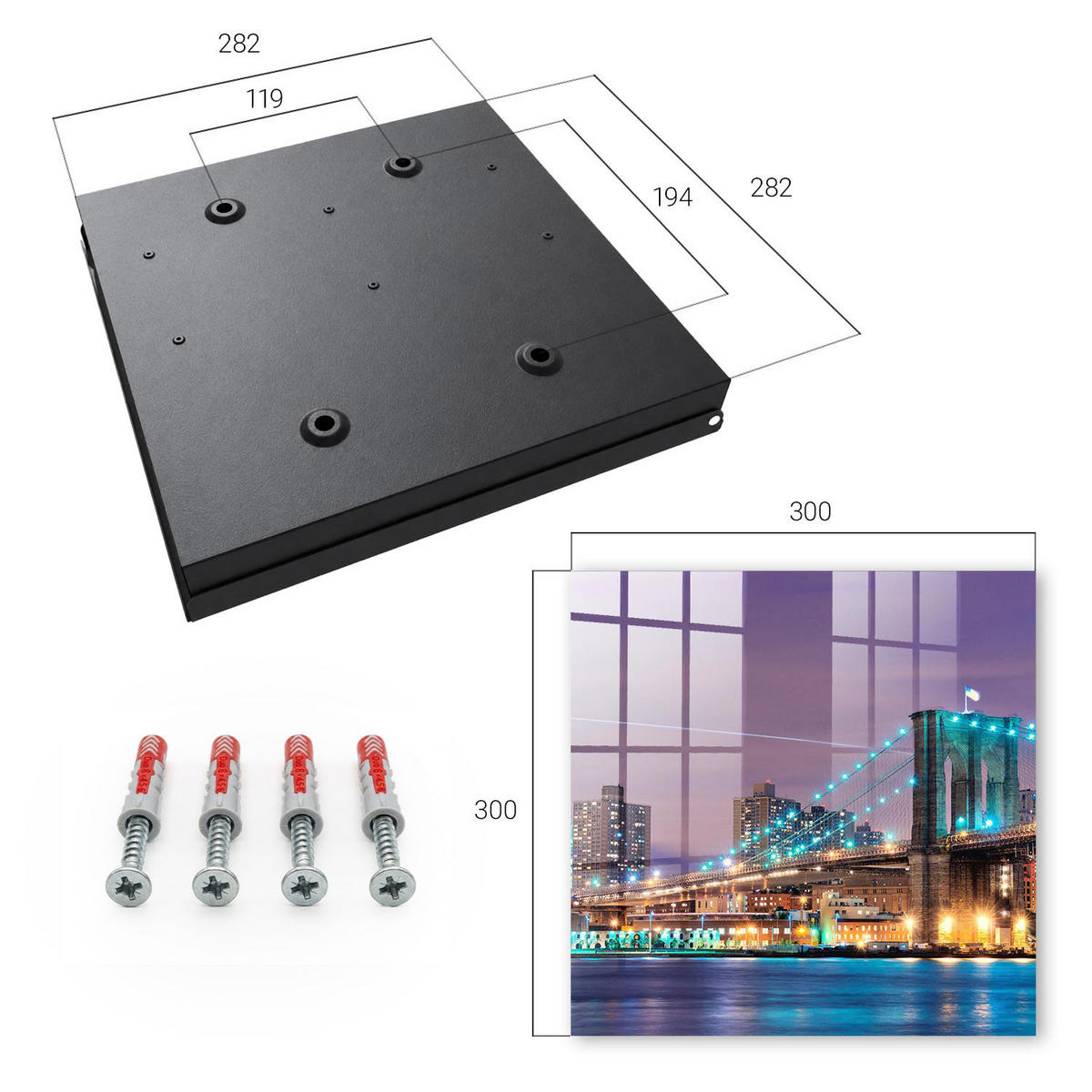 SCHLÜSSELBOX Schwarz 30x30 cm- Türöffnung nach rechts - Stadtbrücke - Lila, Metall (30/30/5cm) - TULUP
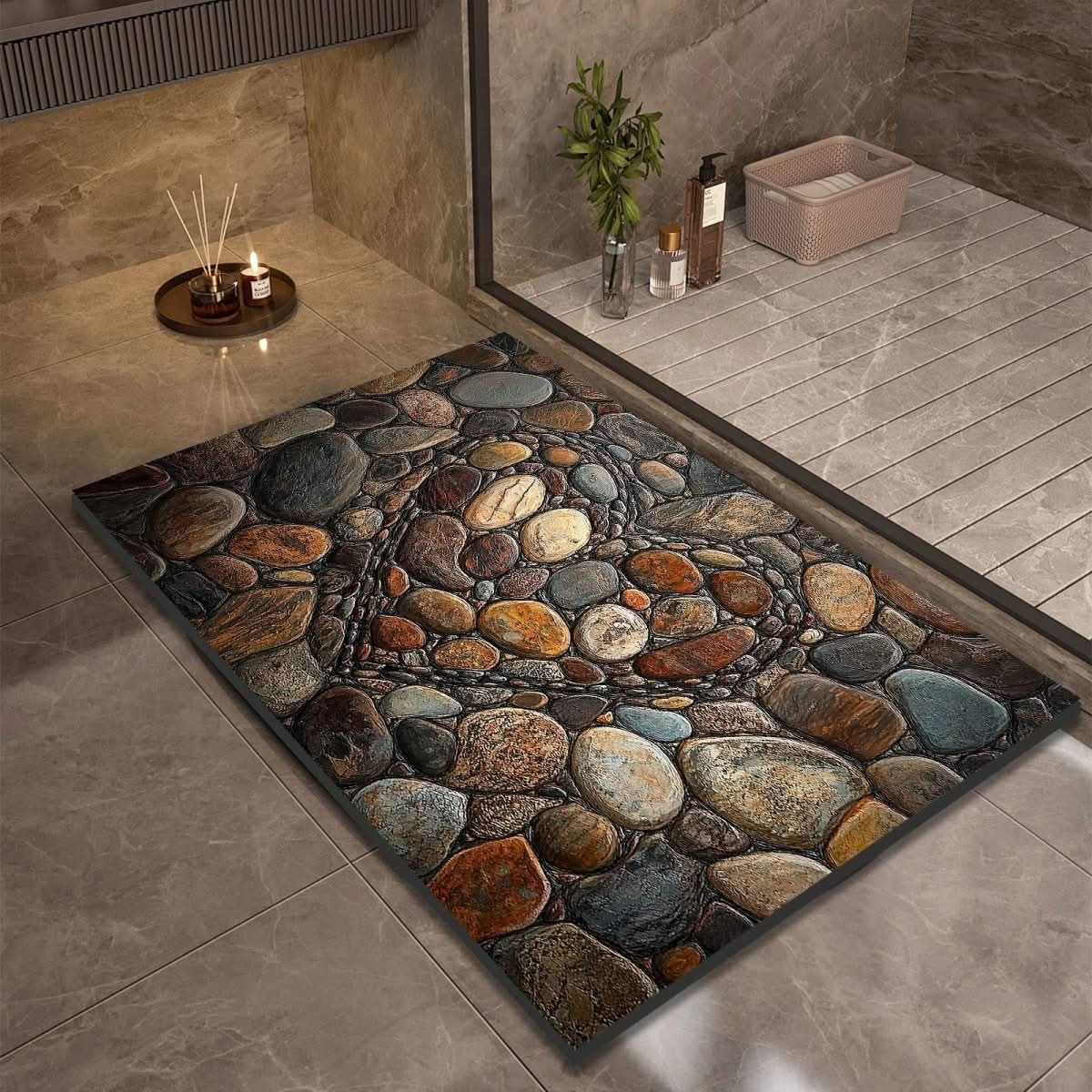 Diatomaceous earth bath mat for safety and comfort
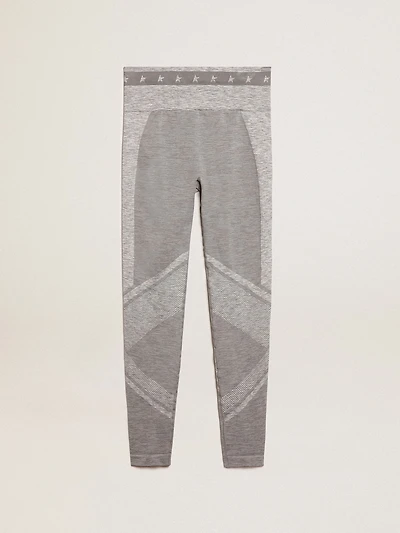 Women’s gray melange leggings with mixed stitching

═══

TASK STATEMENT
The data shown above must be printed again exactly, with no images included.

RESULT FOR THIS TASK
 SCHLÜSSELBOX Schwarz 30x30 cm- Türöffnung nach rechts - Stadtbrücke - Lila, Metall (30/30/5cm) - TULUP
 Diatomaceous earth bath mat for safety and comfort
 Women’s gray melange leggings with mixed stitching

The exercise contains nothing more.